Siendo, como de hecho era, un escritor profundamente original, que sorprende incluso por la variedad en planteamientos y soluciones de cada una de sus primeras obras, enlazó con la tradición de la novelística latinoamericana —sobre todo en títulos como 'La casa verde'—, y se mantuvo fiel, por otra parte, a la problemática y ambientación de su continente pese a vivir alternativamente a ambos lados del Atlántico. Pero al mismo tiempo que gratificaba a sus seguidores europeos con un torrente de narratividad hasta cierto punto inusitada para ellos, en algún momento aburridos por la sosera del “nouveu roman” francés o la “novela experimental” española, se acomodó con justeza a una nueva sensibilidad epocal, por encima ya de concretos enclaves geográficos, respondiendo a los nuevos «horizontes de expectativa» originados por una cultura —posmoderna o como prefiera llamársele para significar su pertenencia a un fin de ciclo— en la que el receptor de ficciones literarias emerge de un universo de signos de muy variada índole.

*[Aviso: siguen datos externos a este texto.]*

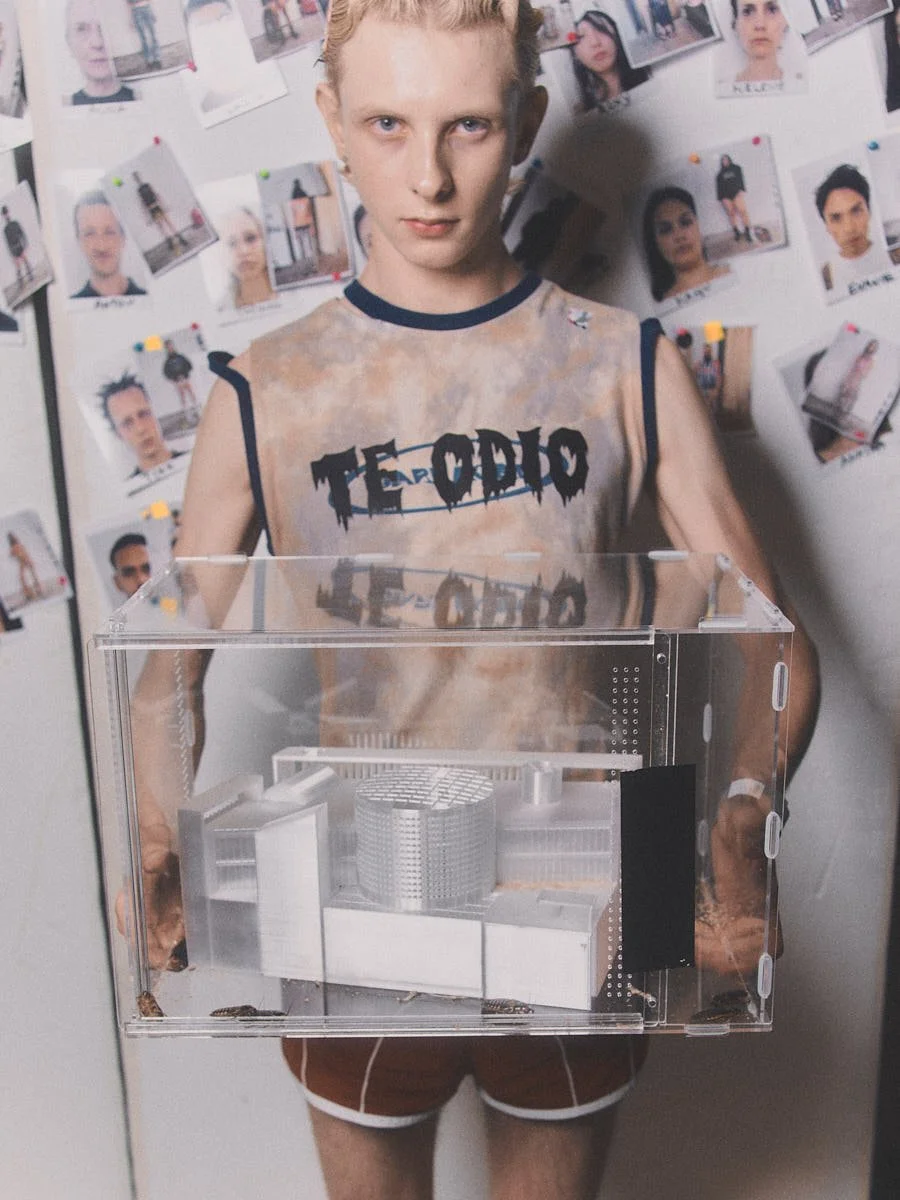 LE MILE Magazine Berlin Fashion Week SS27 editor Klaas Hammer photo Nicolai Sauer Brand Barragan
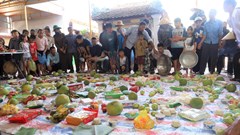 Độc đáo tục lễ “cướp cô hồn” Rằm tháng Bảy 
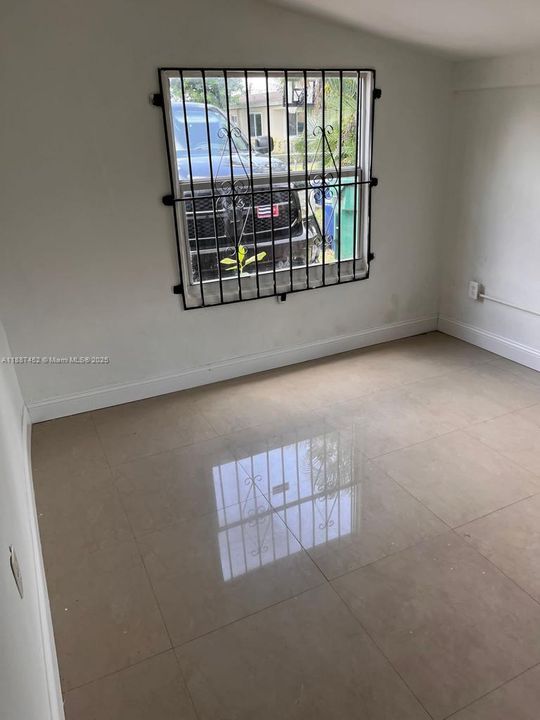 Недавно арендовано: $2,400 (3 спален, 2 ванн, 0 Квадратных фут)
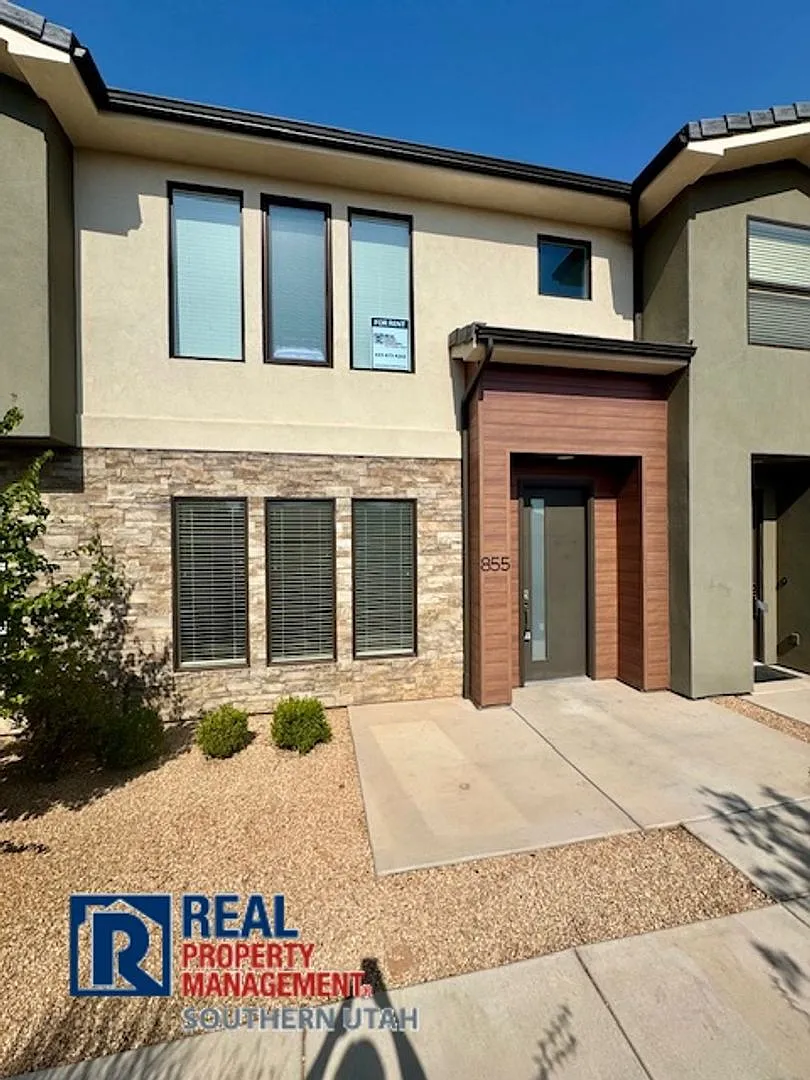 Woodland Estates Townhome — Photo 1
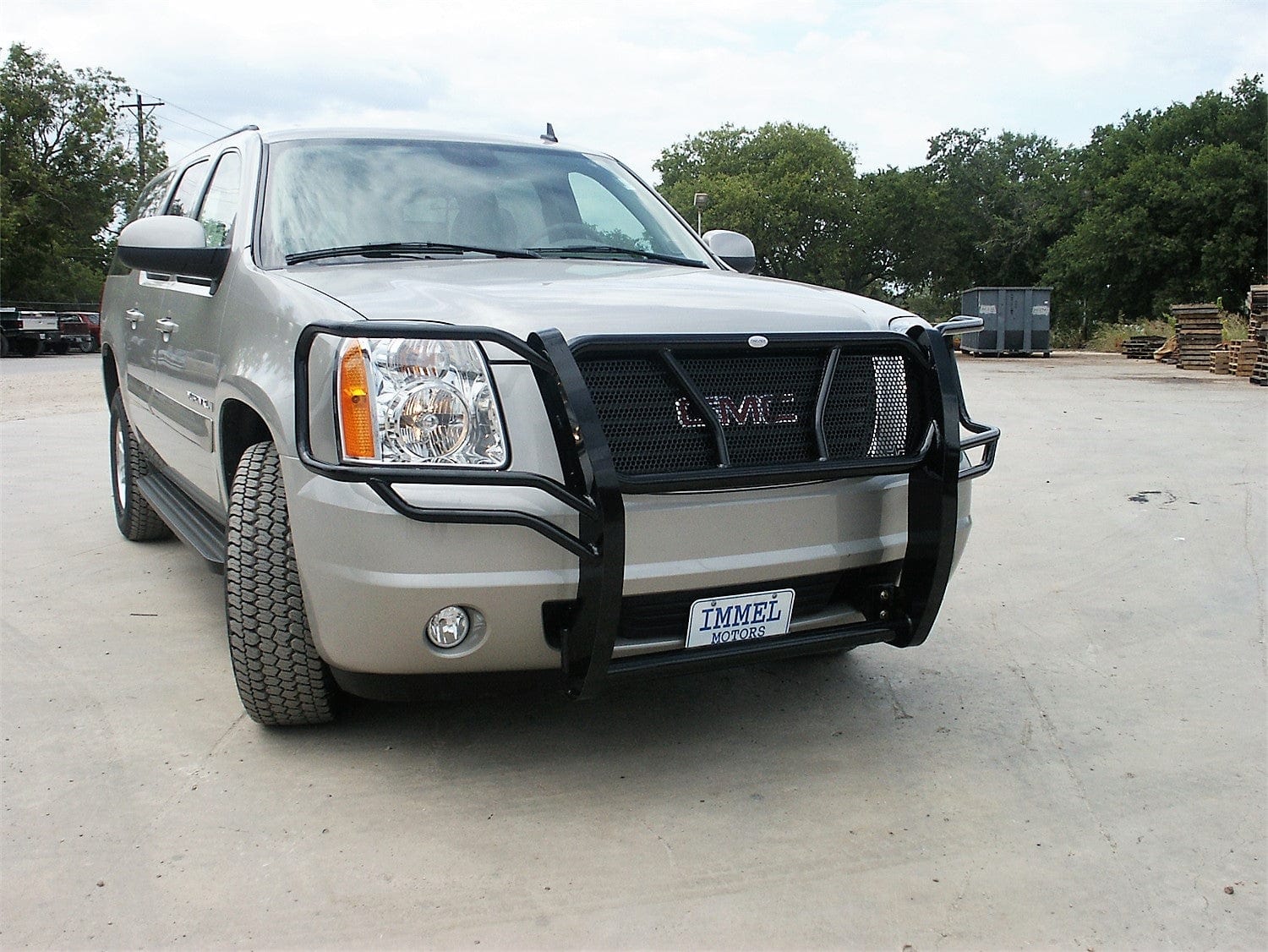 Frontier 200 - 30 - 7003 2007 - 2014 GMC Yukon/Yukon XL 1500 Grille Guard - Rugged Truck Gear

Añádase como característica última de Mario Vargas Llosa una ingente capacidad sincrética que le permite, por una parte, fundir realidad y fantasía, elevarse sin solución de continuidad del documento (y la experiencia biográfica) al plano de la trascendencia y el mito, pero asimilar, además, diferentes lenguajes narrativos, o, lo que es lo mismo, reunir con originalidad personal tradiciones literarias muy diversas.
Sin embargo, todo este sustrato no contamina de esteticismo intelectualista su trayectoria, que viene a representar, así, la punta exenta de un iceberg de muy sólida base. El lenguaje novelesco de Vargas Llosa es notoriamente ágil, desenvuelto, casi diríamos popular en el sentido más positivo del término, pues nunca sucumbe ante las incitaciones de la facilidad roma, sino que atrae a la inmensa mayoría de los lectores a un pacto exigente pero asumible y rentable a la vez. Un lenguaje que, asimilando tradiciones tan conspicuas como la del 'romance' de caballerías medieval, el mejor realismo decimonónico y algunos de los intentos de renovación del mismo producidos en el primer tercio de nuestro siglo, aprovecha parte de las inmensas potencialidades narrativas del arte más característico de la cultura popular contemporánea, el cine, cuando no de formas de expresión inferiores, como el folletín radiofónico (en 'La tía Julia y el escribidor') o los tebeos ('comic strip') si nos remontamos a 'Los cachorros'.